Bayesian Generalized Linear models using `@formula` syntax.
https://turinglang.org/TuringGLM.jl/dev
MIT License
71 stars 7 forks source link

turing_model part 1: fixed-effects #17

Closed storopoli closed 2 years ago

storopoli commented 2 years ago

Ok, this is a big PR. 50% of the package was done in this PR.

Mainly it implements everything for specifying and sampling models using @formula macro that do not have random-effects, i.e. the (1 | group), (x1 | group) or (1 + x1 | group) terms inside the @formula.

Implemented likelihoods:

  1. normal
  2. student-t
  3. bernoulli
  4. poisson
  5. negative binomial

Datasets in data/

I am also adding 3 datasets from stan-dev/rstanarm:

  1. kidiq
  2. wells
  3. roaches

Their license is GPL-3. They are used extensively in tutorials(see storopoli/Bayesian-Julia and also Gelman & Hill (2007), Gelman et al. (2013) (the BDA), Gelman et al. (2020) (RoS).

I know that @rikhuijzer hates data being hard-coded into a package but they are very small and are used for tests and tutorials (not implement yet, but in the roadmap)

The turing_model docstring deserves extra attention.

Relates to #2.

@yebai feel free to review or ask for others to review.

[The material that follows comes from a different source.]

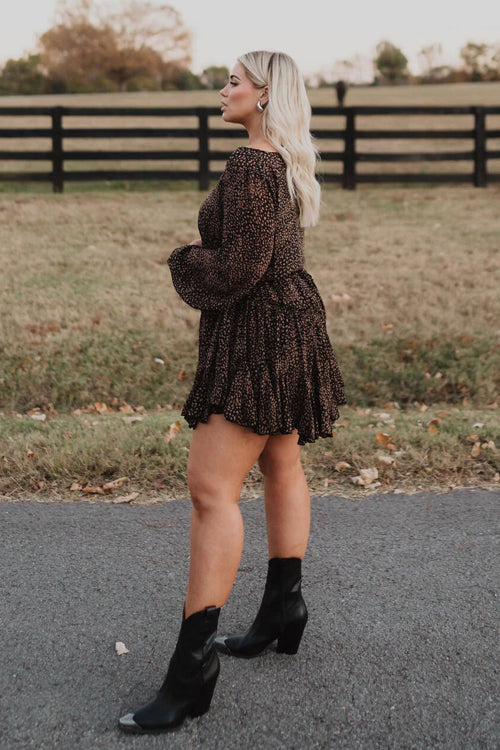 Affection You So Print Flare Mini Dress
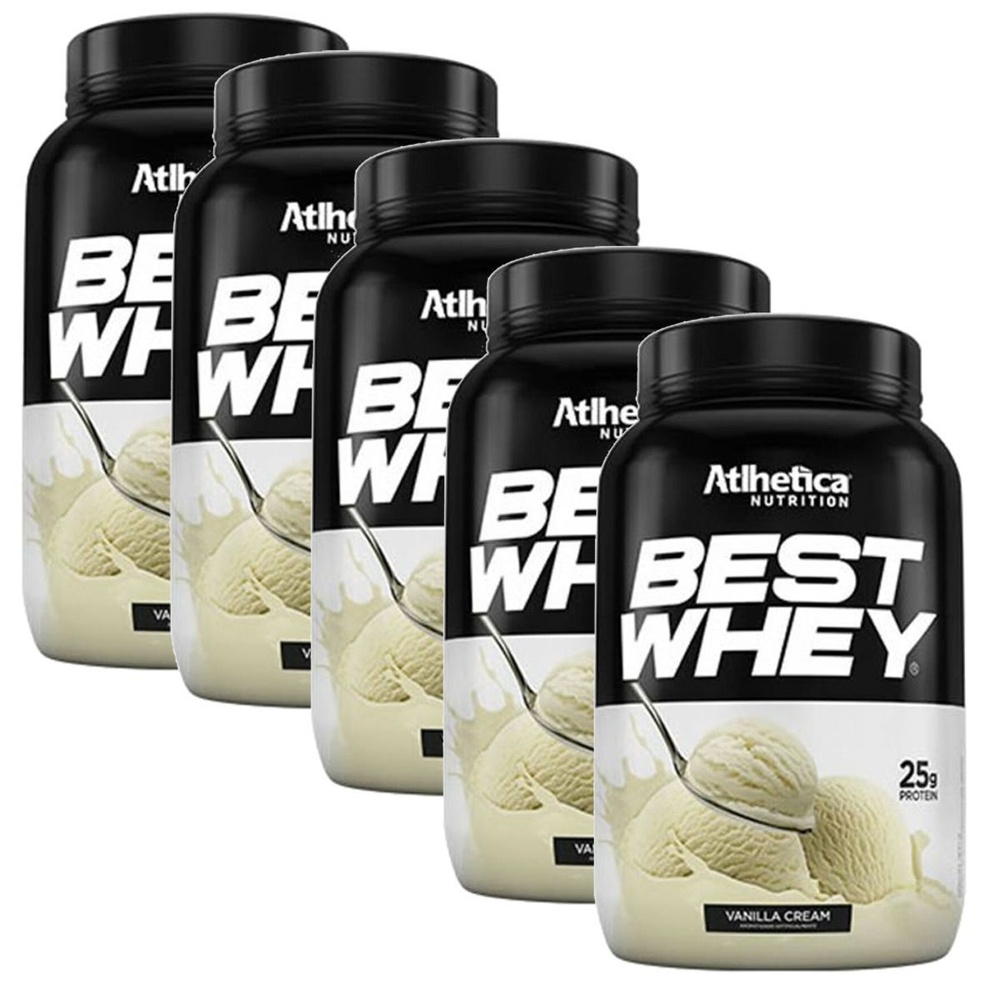 Kit 5X Best Whey – 900g Vanilla Cream – Atlhetica Nutrition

rikhuijzer commented 2 years ago

I know that @rikhuijzer hates data being hard-coded into a package but they are very small and are used for tests and tutorials (not implement yet, but in the roadmap)

But the drawbacks from Artifacts are negligible. It could be something like

function dataset(name::AbstractString)
     path = ""
     if name == "roaches"
           path = joinpath(Artifacts"roaches", "roaches.csv")
    elseif ...
    end
    return read_data(path)
end

It's easier than it looks: https://pkgdocs.julialang.org/v1/artifacts/. It clutters the diff less, makes switching to a newer version of the dataset easier, you even have to handle paths slightly less yourself because you can just say joinpath(Artifact"roaches", "roaches.csv") and it makes adding larger datasets in the same way at a later moment possible.

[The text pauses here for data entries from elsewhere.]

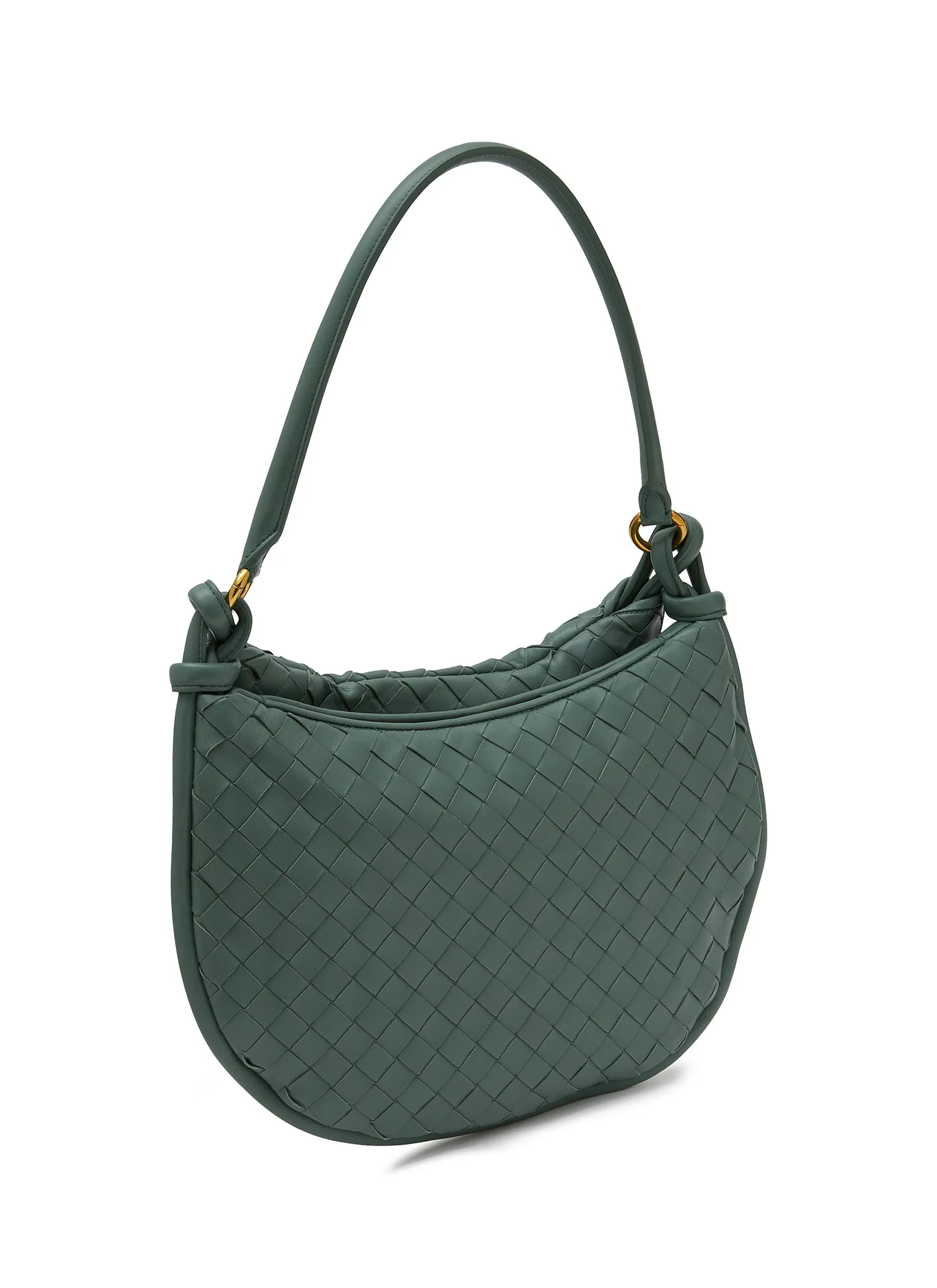 -----------BOTTEGA VENETA  ---- ------------EMERALD GREEN ----Medium Gemelli Intrecciato Leather Shoulder Bag --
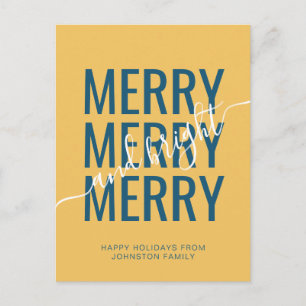 Elegantes fröhliches und helles Weihnachten gelber Postkarte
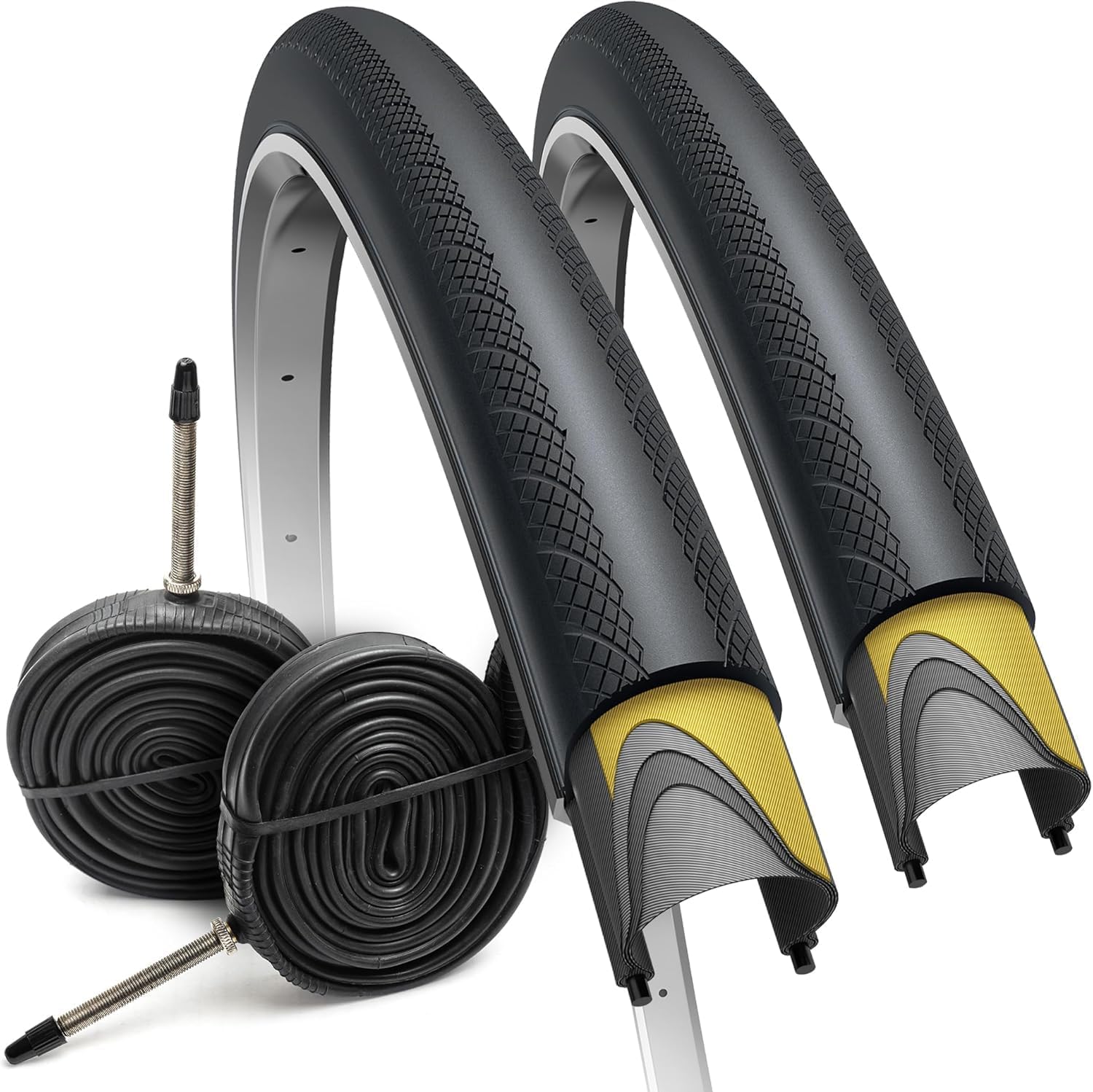 Fincci Kit 2 Copertoni Bici da Corsa 700x28c (28-622) e 2 Camere d'aria Presta 48mm – Pneumatici Pieghevoli 60 TPI – Peso 250g con Protezione Antiforatura 1mm – Ideali per Strada e Allenamento – Nero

storopoli commented 2 years ago

Things to do:

storopoli commented 2 years ago

Ready to review again. I could not implement easily turing_code function because I need to figure how to parse the Prior structs DefaultPrior CustomPrior to be displayed in the turing_code function. I think we should leave this for the 0.2.0 release or future releases.

The whole turing_model API for non-hierarchical models is done. I've created a custom type for the likelihood called Model. I had to be creative with the naming to avoid conflicts with the Distributions.jl types because we need them in the namespace for users to specify custom priors.